Les Capulet et les Montaigu face à Neptune à Toulon : Bellini de coupe et d’épée
La version de concert vient concentrer ce drame, qui puise en partie dans des œuvres antérieures du compositeur. Tout repose sur les seules forces musicales, comme dénudées et ramenées à la beauté de l’essentiel, à la manière de la statuaire antique. L’ordonnance symphonique et chorale sur le plateau, la centralité du directeur musical, les arrivées et départs des solistes à l’avant-scène, qui font le choix de ne pas se regarder, de ne pas interagir et de mesurer leurs gestes, le halo changeant de lumières chromatiques en fond de scène, saisissent l’essence austère et douloureuse retenue par le livret de Felice Romani. Seule la partie orchestrale se permet quelques marches et envolées légères, d’une politesse convenue de la part du compositeur, afin que le public de l’époque puisse respirer entre deux sommets d’émotion. Le choix de confier Roméo à une voix féminine est également mis en valeur par la version de concert, quand tout se donne et s’entend directement voix contre voix, dans les subtils entrelacs des duos composés par Bellini.
C’est dans cet esprit civil et pourtant pétri d’émotion que le chef italien Andrea Sanguineti dirige les forces collectives de l’Opéra de Toulon, avec finesse ou emphase, précision ou liberté, toujours à l’écoute du phrasé, des silences et des inflexions des deux rôles principaux. Sa gestuelle est démonstrative, son regard fervent, tel un acteur, dans une italianité belcantiste assumée avec élégance. Il plonge ses bras dans l’eau sombre des cordes graves, lève un poing vibrant de révolutionnaire vers les chœurs et entraîne ses tutti par de grands gestes ronds. Il accorde aux soli orchestraux – longues cantilènes de la clarinette, du cor et du violoncelle – une liberté de rapsode, ce qui permet à chaque musicien, de prolonger le dialogue intérieur et solitaire de Roméo et Juliette.
Les chœurs, préparés par Christophe Bernollin, ont vocalement la fleur au fusil. Ils sont davantage homogènes dans ce registre guerrier que dans celui de la déploration, propre au second acte. À moins que l’écriture de Bellini – ses chromatismes descendants et ses longues phrases superposées – ne produise une tonalité amère, volontairement soulignée par cette version.

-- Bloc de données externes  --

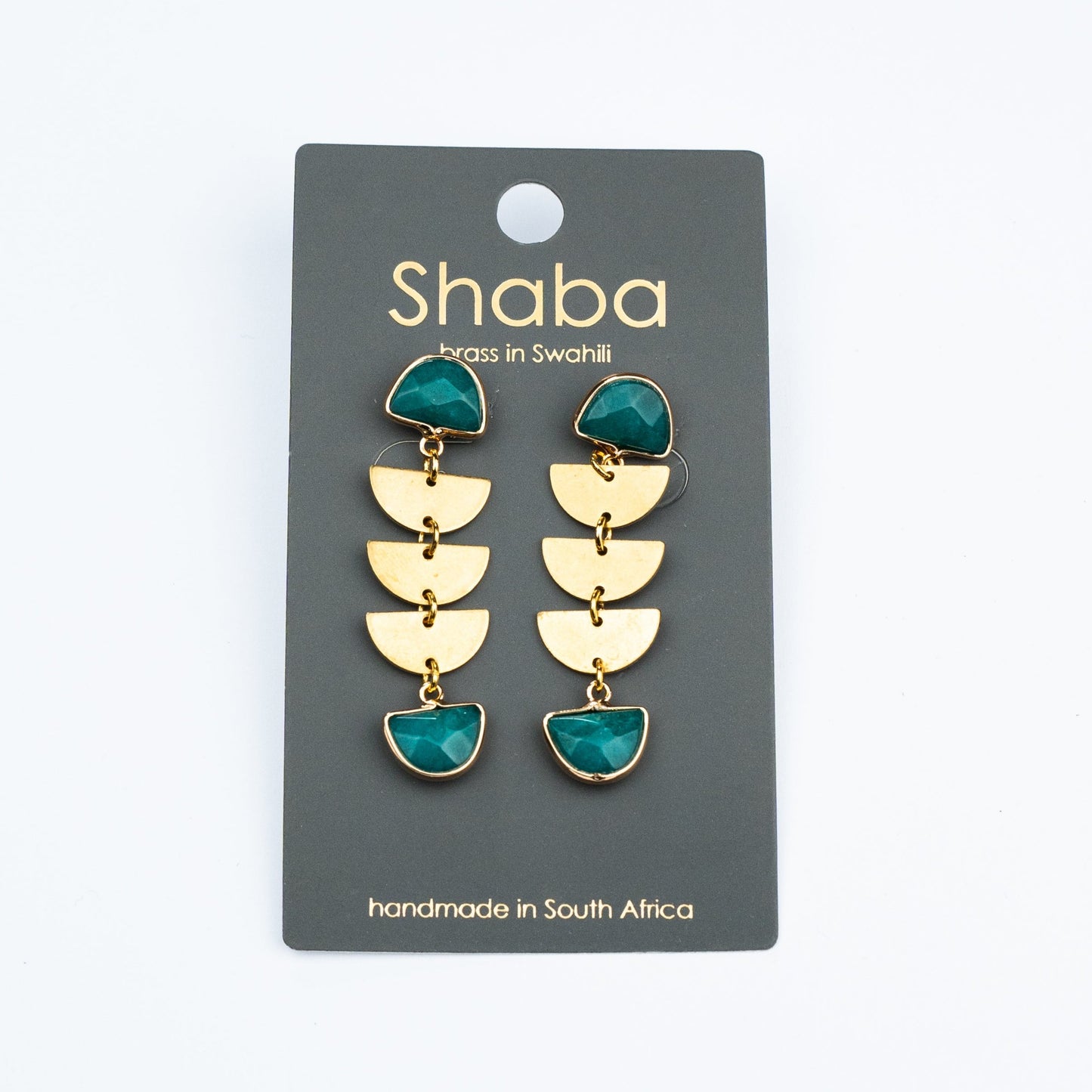 Shaba Half Moon Green Drop Earrings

Le plateau vocal, resserré autour des amants malheureux, réunit des interprètes au style belcantiste différencié, notamment entre le ténor (Tybalt le rival) et l’une et l’autre basse (Capellio le père et Laurent le complice). Cette diversité résulte autant de la distribution que de la latitude laissée à chacun de se déployer et de s’épanouir dans sa vocalité, entre sens du texte et grain de la voix.
Le Roméo de la mezzo-soprano Antoinette Dennefeld compose, en artisan forgeron, une épée vocale, chauffée à blanc, au plat et au fil de la lame respectivement charnu et aiguisé. Un ample vibrato assoit et structure une ligne vocale puissante, qui passe avec souplesse d’un grave de chalumeau (ancien nom de la clarinette, justement), à des aigus très subtilement rocailleux dans la nuance forte, telle une brisure de l’âme. Sa posture et son expressivité confèrent à son personnage une présence farouche et fière, quasi chevaleresque.

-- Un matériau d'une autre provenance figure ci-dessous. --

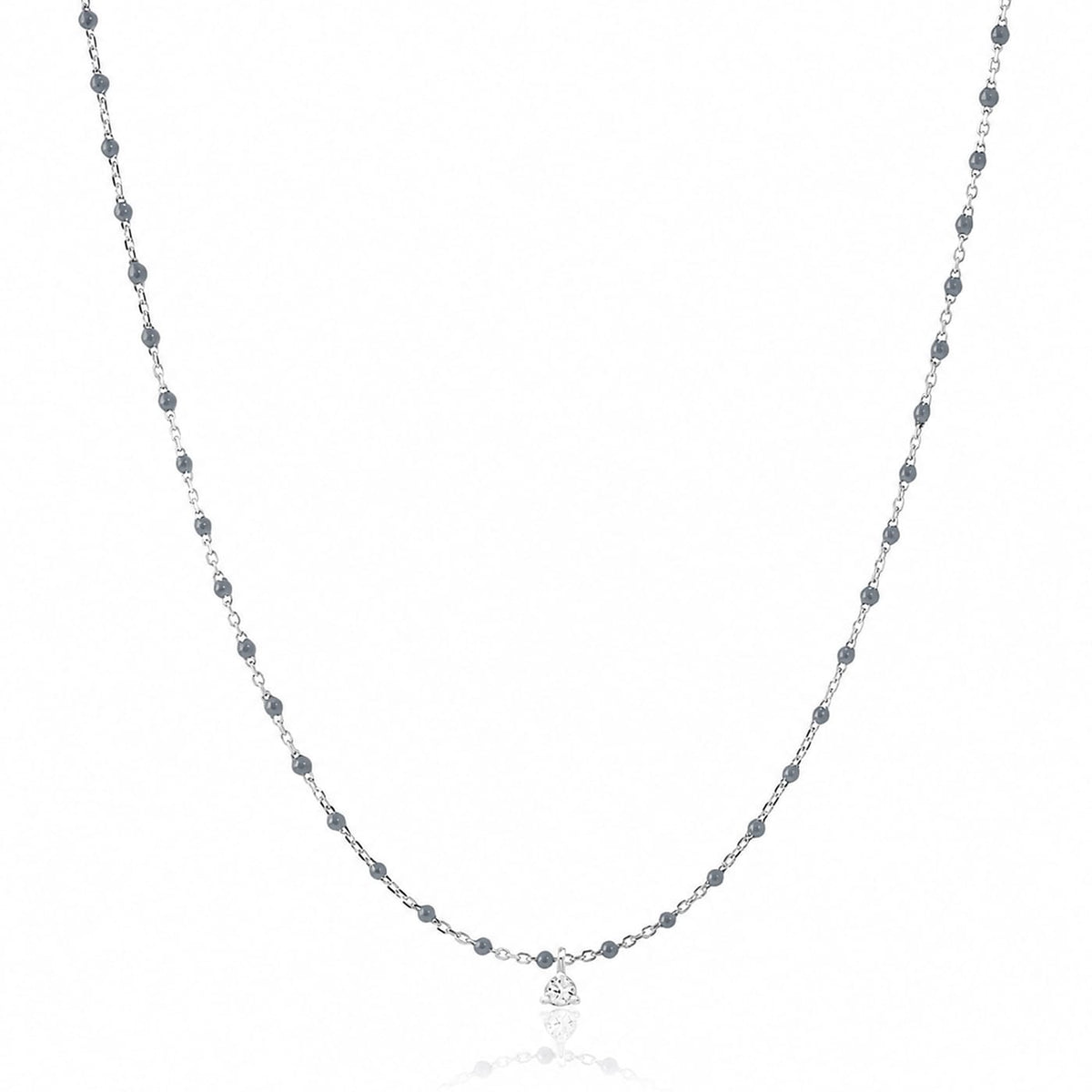 Sterling Silver Enamel Beaded Necklace With CZ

La soprano Maria Carla Pino Cury offre à Juliette un bel instrument, lumineux, ductile, à la virtuosité toujours sensible, dans le registre de déploration dévolu à son rôle. Ses suppliques envers son père et envers son amant auraient cependant gagné à être davantage nuancées, prière flutée pour l’un, sanglots de harpe pour l’autre. Son vibrato serré permet au timbre de roucouler et de se fondre dans des trilles qui se donnent comme des émanations naturelles (et non décoratives) de l’expression, des points d’aboutissement de la conduite émotionnelle de la phrase. Les aigus pianissimo, petits fils d’or, sont filés avec un métier de brodeuse, que la soprano met également dans une diction toujours enrobée de legato.

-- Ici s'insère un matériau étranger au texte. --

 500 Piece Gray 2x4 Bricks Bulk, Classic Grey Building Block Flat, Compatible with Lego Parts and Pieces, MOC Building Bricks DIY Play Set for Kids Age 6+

Le Tybalt de Davide Tuscano est un ténor de cérémonie, à la diction claire et au timbre lumineux, qui met tout son cœur, porté en écharpe ou en étendard, dans des aigus opulents.
Le père de Juliette, le Capellio (Capulet) de Patrick Bolleire est droit dans ses bottes de cuir sombre, au vibrato large et au débit régulier, comme hiératique. Il incarne une figure dénuée d’émotion douce. Le chanteur traduit la psychologie de son personnage par une unité de ton, une manière de faire passer sa voix, avec sa couleur de cendre et de suie, ainsi que sa projection verticale, par un conduit de cheminée.
La basse Önay Köse met, quant à lui, de la résonance, de l’expressivité et du vivant dans la bouche de Laurent. Le timbre est de neige carbonique, la projection de tribun, tantôt doux tantôt rude, dans l’amorti des voyelles et le rebond des consonnes, homme à tout faire pour ses deux amis.
Le public applaudit longuement chaque protagoniste, dans l’acoustique feutrée du Palais Neptune, après cette lecture engagée d’une œuvre aux archétypes puissants : entre l’épée et la coupe, dans laquelle se boit le poison...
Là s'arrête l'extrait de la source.